Монза вдруг узнала его. Баро - так его звали, а может Паро, что-то с "о" на конце. Какой-то родственник старого Сволле. Он там был, в Мусселии - после осады, после того как они разграбили город. Ржал над одной из бенниных шуточек. Она запомнила, потому что тогда было не до шуток, после того, как они убили Хермона и забрали себе его золото. Да, ей тогда не очень-то хотелось смеяться.
- Варо? - пробормотала она, пытаясь сообразить, о чём была та шутка. Услышала скрип половицы, засекла движение, как раз во время, чтобы упасть. Голову тряхнуло, пол саданул прямо в лицо. Встала - комната вращалась, и она врезалась в стену, локтем угодила в окно и едва туда не выпала. Снаружи рёв, грохот и лязганье боя.
Сквозь искры в глазах она заметила, как что-то надвигалось на неё, и повалилась, уходя с линии движения. Услышала, как оно ударилось о штукатурку. В лицо посыпались крошки. Она закричала, теряя равновесие, в обороте хлестнула Кальвесом по тёмным очертаниям, и увидела, что в руке ничего нет. Уже выронила. У окна возникло лицо.
- Бенна? - И кровь тонкой струйкой закапала изо рта.
Не до шуток. Что-то грохнуло её по спине и вышибло дыхание. Она увидела булаву, отсвет на тусклом металле. Увидела оскал мужчины. Вокруг его шеи захлестнулась цепь, вздёргивая его вверх. Комната понемногу успокаивалась, в голове свистела кровь. Она попыталась встать, но только перекатилась на спину.

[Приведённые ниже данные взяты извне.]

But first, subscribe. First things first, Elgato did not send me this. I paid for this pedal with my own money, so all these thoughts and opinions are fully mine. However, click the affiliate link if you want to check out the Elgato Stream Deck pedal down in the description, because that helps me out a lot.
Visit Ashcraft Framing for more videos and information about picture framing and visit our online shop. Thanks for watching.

Витари держала наемника за глотку, и они вместе качались посреди затемнённой комнаты. Он ударил локтем, другой рукой дёргая цепь, но Витари затягивала её всё туже, глаза умалились в две тонкие свирепые прорези. Монза еле-еле вскарабкалась на ноги, качаясь, двинулась к ним. Он полез за кинжалом на поясе, но Монза успела первой, припечатала его руку своей левой, правой вытащила клинок и начала резать.

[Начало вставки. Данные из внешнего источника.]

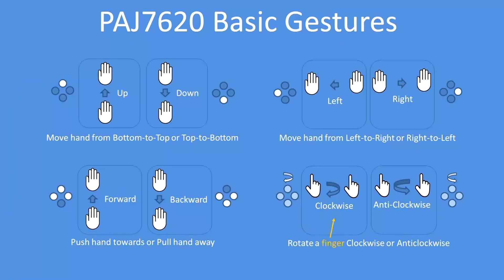The device can support up to 15 gestures, but these are the basic ones: up, down, left, right, forward, backwards, clockwise, and anti-clockwise.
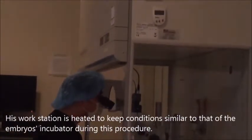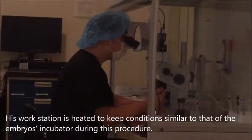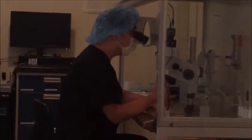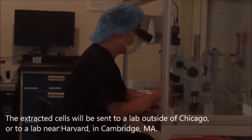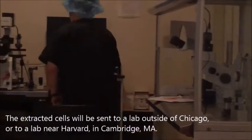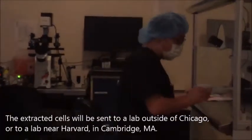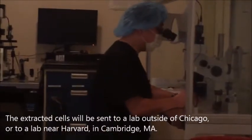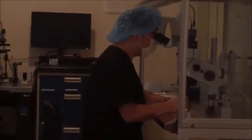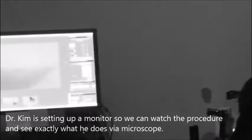As you can see, he's working on a heated stage with a hood to keep the conditions similar to what's in the incubator. He's moving the embryos from the media in the incubator and bringing them our way. Those blastomeres will then be sent to a laboratory — either one outside of Chicago or one affiliated with Harvard in Cambridge, Massachusetts.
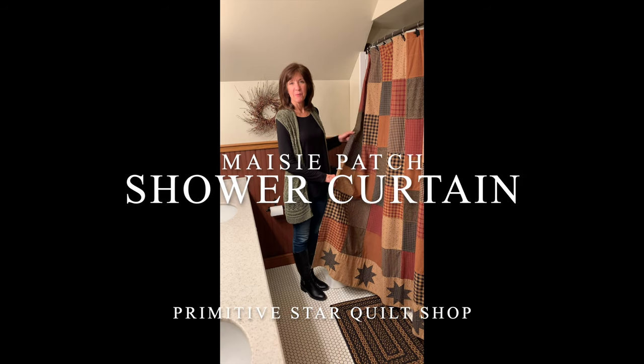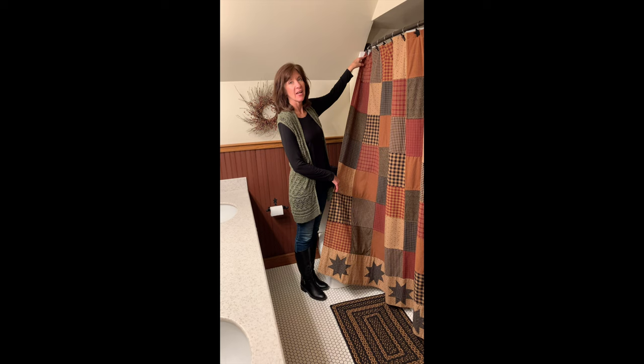Hey, this is Jackie from Primitive Star Cold Shop, and I wanted to show you our Maisie Patch shower curtain today. It's featuring burgundies, blacks, and tan.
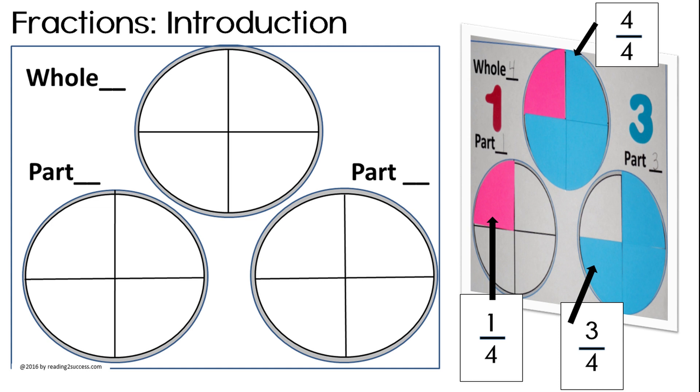A fun way to introduce fractions is using the part-to-part-to-whole activity. In this example, part one-fourth plus part three-fourths equals one whole four-fourths. Kids can color the parts or cut and paste construction paper to fit the parts.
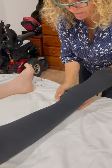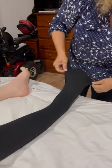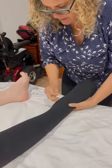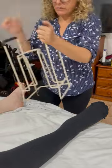Then the rest of the sock comes up. Once it's on, you can readjust it by pulling the heel back down over the heel, give the toes a bit of breathing room, and just make sure there's no wrinkles that are going to pinch during the day.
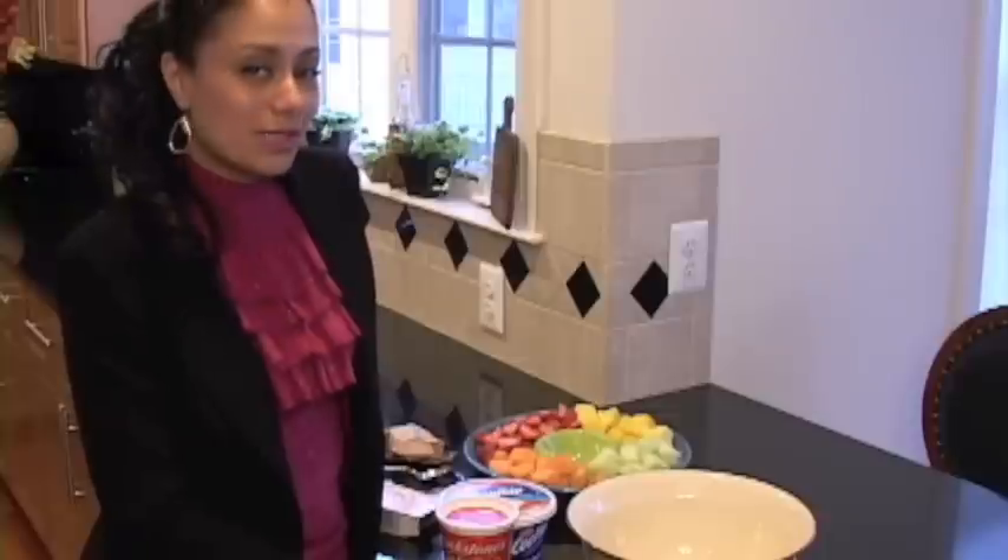Hello, my name is Utokia Langley and I am a licensed real estate agent in Maryland, Virginia and Washington DC. I love to cook and I love real estate.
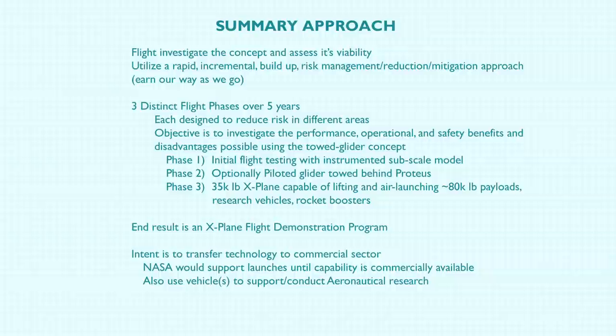In summary, we're going to flight-investigate the concept and assess its viability using a rapid incremental build-up risk management and mitigation approach — earning our way as we go. We've got three distinct flight phases over five years, each designed to reduce risk in different areas. The objective is to understand the performance, operational, and safety benefits and disadvantages from each of the three phases. The end result — the third phase airplane — is an X-Plane flight demonstrator. The intent is to transfer the technology to the commercial sector until it is viable and being used. We would support launches off the X-Plane until it becomes fully transitioned, and also use the vehicle to support aeronautical research like X-15, lifting body launches, and so forth.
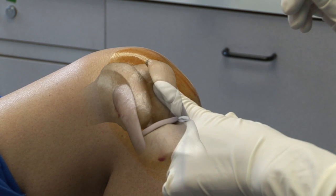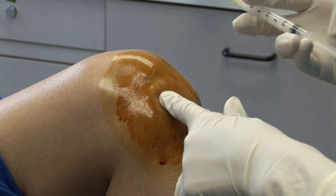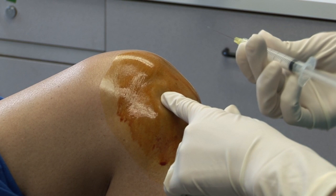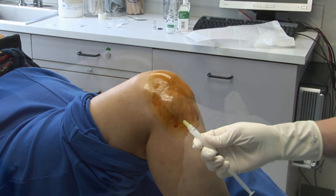Just lateral to the patellar tendon is an easily palpable sulcus. Wearing sterile gloves, palpate the cleansed area to reconfirm the injection site with the left hand. Maintain sterility of the left hand throughout the procedure. With the right hand, remove the needle guard from the syringe topped with a 27-gauge needle without contaminating the needle.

- Ух, ух, ух. - шмяк, хрясь, шлёп, сопли и слюни друг другу в лица, её заикающийся стон и его визгливые хрипы, и низкое рычанье Витари - всё переплелось в гулкую, звериную какофонию. Такие звуки они скорее издавали бы трахаясь, а не убивая друг друга. Хрясь, шлёп, шмяк. - Ух, ах, ух.
- Хорош, - выдохнула Витари. – Он сдох!
- Ух. - Она выпустила кинжал, тот стукнулся о доски. Под курткой рука была мокрой и липкой до самого локтя, кисть в печатке стиснуло в пылающую клешню. Она повернулась к двери, щипало глаза. Прищурилась от яркого света, с трудом перевалила через труп солдата из Осприи и по поломанным доскам вышла в проём.

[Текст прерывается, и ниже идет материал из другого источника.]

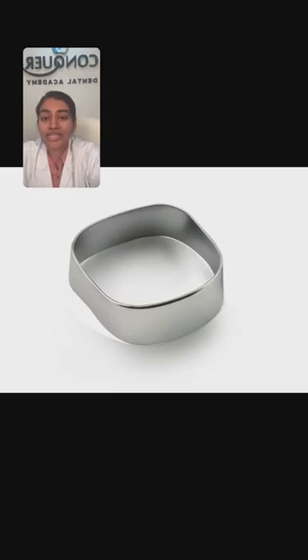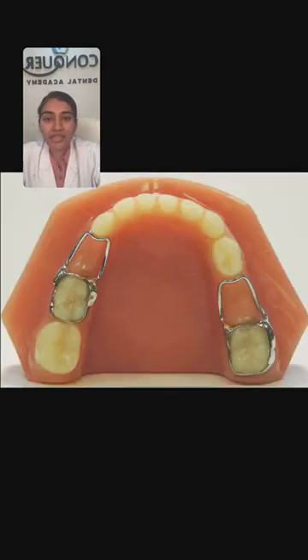Moving on to our next image. You need to identify what this appliance is. Here I can see a molar band and also a wire component. Answers from Ankita, Angirishma, Shrifti — everybody is answering it right. Yes, it is a band and loop space maintainer. This is indicated in cases where there is premature loss of only one posterior tooth, either in maxilla or mandible. It is a unilateral fixed passive appliance.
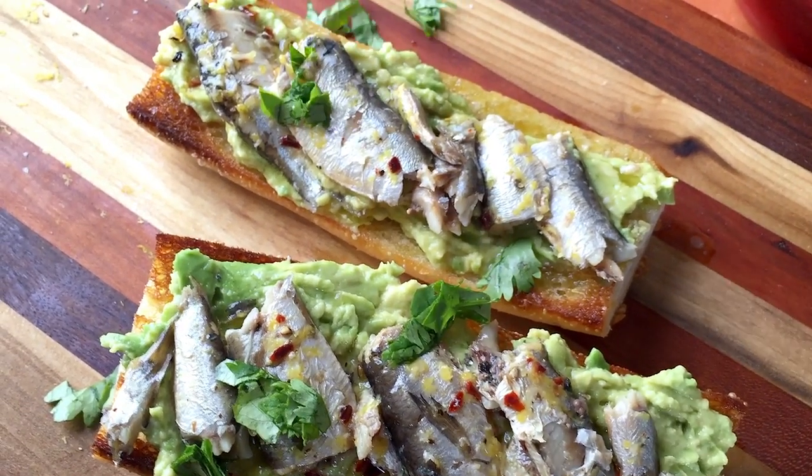It's also really nice with a sprinkling of cilantro or parsley — it's up to you. And that's it. Leo and I have this all the time. It's really perfect for any time of the day. Cheers!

Человек с окровавленной щекой вцепился в неё и чуть не утянул за собой в падении, пачкая багровым куртку. Другого наёмника закололи в спину и бросили вниз лицом, пока тот, шатаясь зигзагом, всходил на крыльцо. Затем осприйский воин, всадивший в того копьё, словил копытом по голове. Стальная каска тут же отлетела прочь, и он рухнул набок, как подрубленное дерево. Кругом смешались кони и люди – в смертельном урагане сапог, копыт, лязгающего металла, крутящихся клинков, летящих ошмётков грязи.
И не далее десяти шагов от неё, среди скопленья извивавшихся тел, на своём огромном боевом жеребце восседал Верный Карпи, ревя как безумец. Он не особенно поменялся - то же широкое, честное, бывалое лицо. Лысый череп, густые белые усы, и вокруг них белая щетина. Он обзавёлся блестящей кирасой и длинным красным плащом, более походящим не наёмнику, а герцогу. Арбалетный болт торчал у него из плеча. Правая рука свисала, выведенная из строя, другая тяжёленным мечом указывала на дом.